Democrats and Republicans disagree on what an infrastructure package should include. Biden’s proposal includes investments in clean energy, care for the elderly, housing and schools, among other measures, with tax increases on the wealthy and corporations paying for them. The GOP wants to focus on physical infrastructure -- roads, bridges, water systems and broadband -- and opposes Biden’s tax proposals.
Biden has pitched to Republicans the idea of a 15% minimum tax on U.S. corporations, along with strengthened IRS enforcement efforts, as a way to fund a bipartisan infrastructure package. That sets aside, for now, his proposal to raise the top corporate income rate to 28% from 21% -- a non-starter for Republicans. The president also has indicated he would trim his topline number for spending, though the sides differ on new spending versus money already in the pipeline.
New York Representative Jamaal Bowman, a Democrat elected on a progressive platform in 2020, indicated frustration with the attempts to find a compromise.
“We can’t compromise against the best interest of working-class people,” he said in a statement. “No Republican vote in favor of an infrastructure package should supersede our mission: to build an America that works for the people, not for massive corporations.”

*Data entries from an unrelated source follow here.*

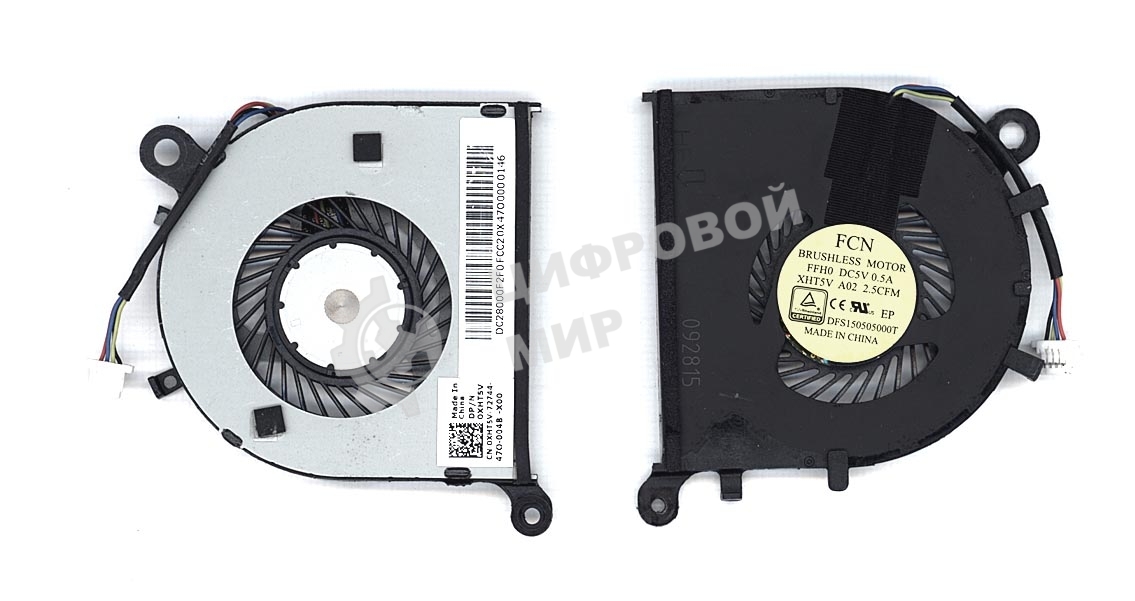 Вентилятор (кулер) для ноутбука Dell XPS 13 9343 9350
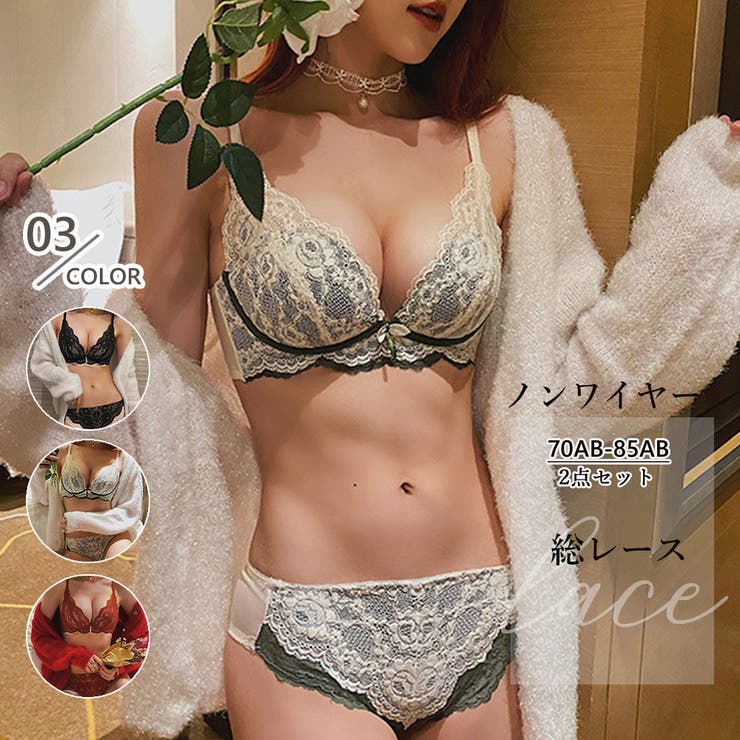 ブラショーツセット レディース 春夏秋冬 | アクセサリーショップPIENA | 詳細画像1 
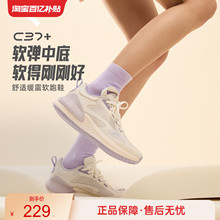 安踏C37+丨跑步鞋女冬季减震运动鞋软底复古休闲百搭女跳绳鞋跑鞋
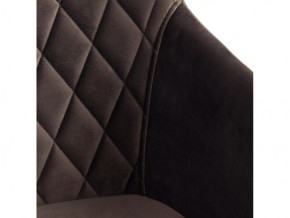 Кресло Bremo mod. 708 темно-серый в Карабаше - karabash.mebel74.com | фото 3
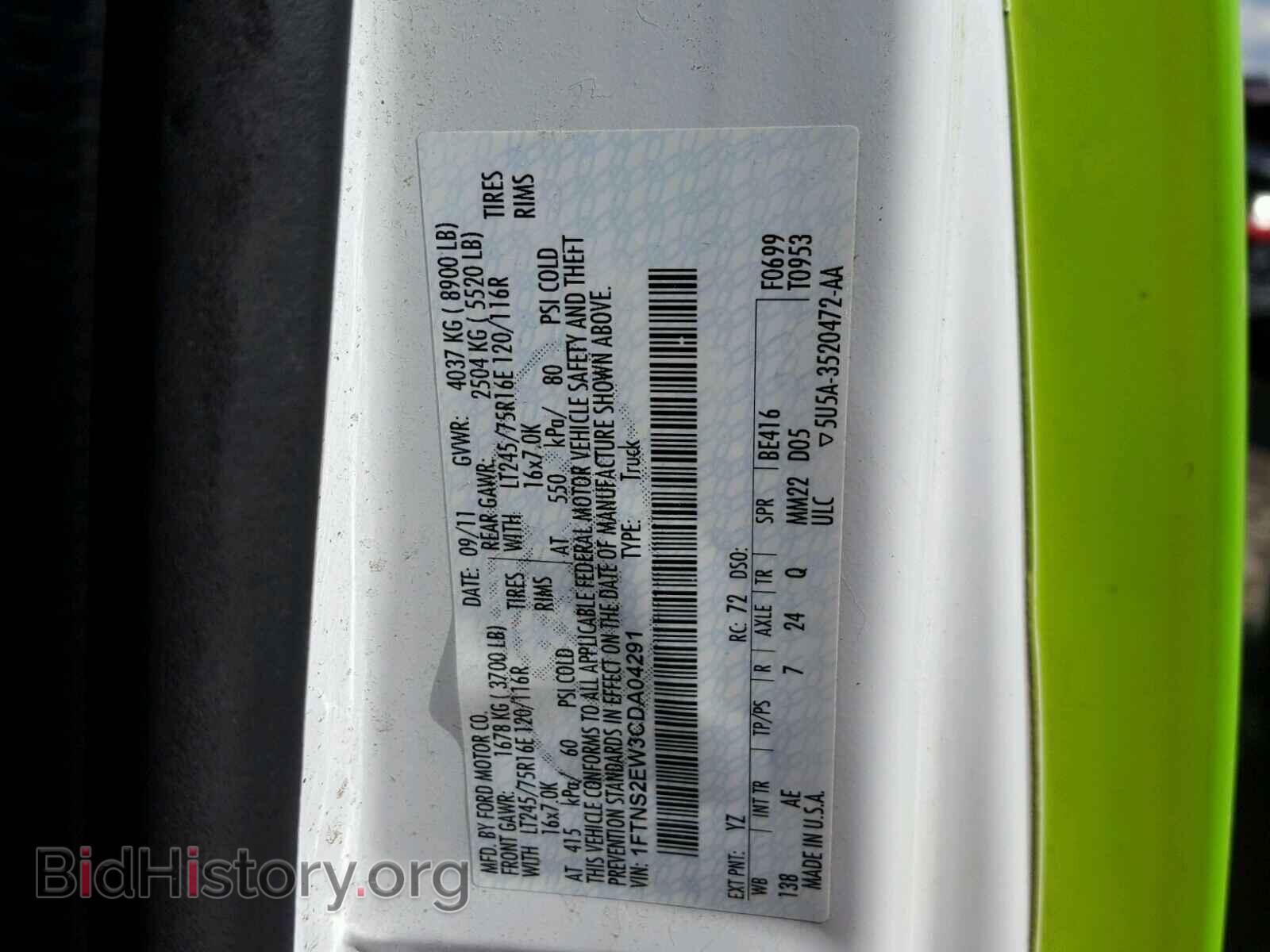2012 FORD ECONOLINE - VIN: 1FTNS2EW3CDA04291 - Photo 10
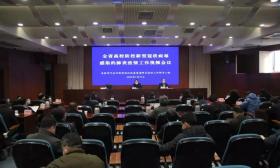 违规复工4家！违规补课1人，省教育厅严查校外机构线下集中培训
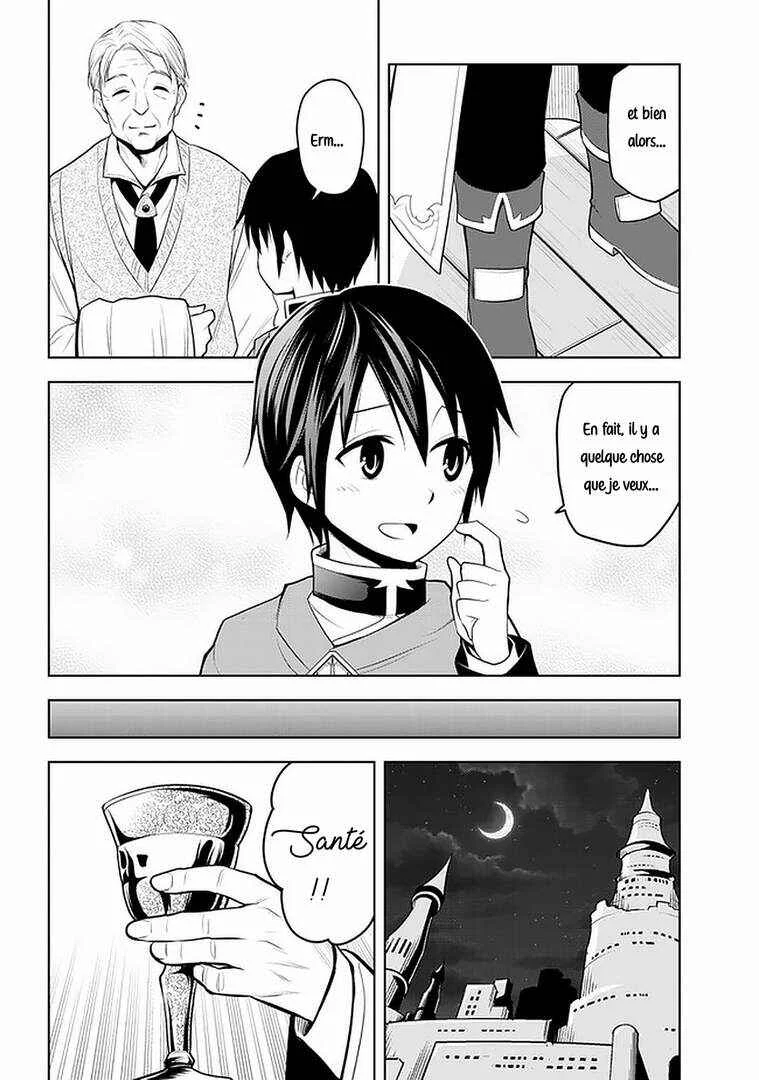 Maseki Gourmet - Mamono no Chikara wo Tabeta Ore wa Saikyou! Chapitre 18 - Page 10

Representative Mondaire Jones, another progressive from New York, said in a statement that “Democrats have the power to pass a bold infrastructure bill that meets the moment using the reconciliation process, and we have an obligation to the American people to do so.”
Even if Republicans ultimately balk at a deal, sustaining the talks for now may prod Senator Joe Manchin of West Virginia and other moderate Democrats to turn to a streamlined process known as budget reconciliation for major parts of Biden’s plan. That would bypass Senate Republicans and require only a simple majority for passage. Still, that would require support from all 50 Democrats in the evenly divided chamber. Democrats have only a nine-vote majority in the House.
Even then, parts of surface transportation infrastructure legislation -- including a bailout of the Highway Trust Fund -- likely could not be included in a reconciliation vote under the present rules.
The Sunrise Movement backed Senator Bernie Sanders, a Vermont independent, in the Democratic presidential primaries, but Prakash said the organization supported Biden in the general election after he sought their input. Among their demands are a White House commitment to pass “the boldest jobs and climate package” and for young progressives to be brought into the discussion on infrastructure.
“He’s spent more of his time meeting with a Republican Party who to this day contests he is the democratically elected president,” Sunrise Executive Director Varshini Prakash said in a statement on Friday. “It’s time to meet with us, the young organizers that elected him, instead.”